A German study found that men, but not women, with more severe adverse reactions to vaccinations had a 150 percent higher median SARS-CoV-2 RBD IgG titer compared to those with no reaction (Vaccines, Sept 27, 2021; 9(10):1089).

Another study found that those who had a severe reaction to the vaccine had slightly higher antibody titers (Vaccines (Basel), Sept 24, 2021;9(10):1063).

A study of South Korean healthcare workers was one exception.
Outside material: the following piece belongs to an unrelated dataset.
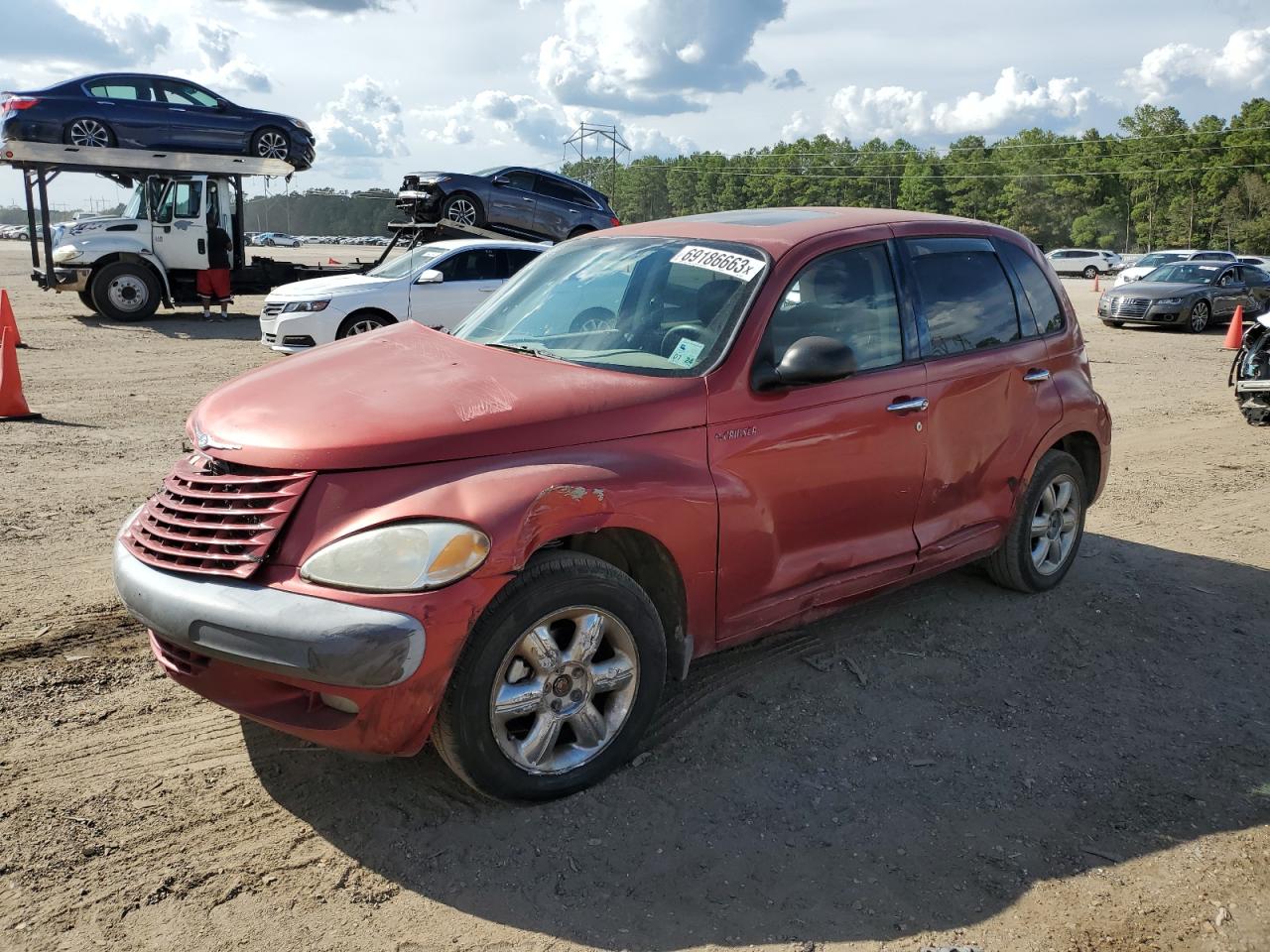Chrysler Pt cruiser 2002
The authors found that all people who received the COVID-19 vaccine developed high antibody titers, but the study did not find higher anti-spike IgG antibody levels in those who had reactions to the AstraZeneca or Pfizer vaccines (Korean J Intern Med, 2021;36(6):1486-1491).

My Recommendations
The Moderna and Pfizer vaccines are highly effective in producing anti-spike antibody titers that help to protect you from infection by COVID-19. However, some people who have defective immune systems or are taking immune suppression drugs may not produce adequate protective antibodies. People who develop a reaction to the vaccine produce higher levels of protective antibodies. Reactions include a site rash or sore, swollen arm, fever, chills, muscle pain, nausea, vomiting, headache, or fatigue For most people, protective antibody titers start to drop a month after vaccination, so repeat vaccinations or boosters may be needed.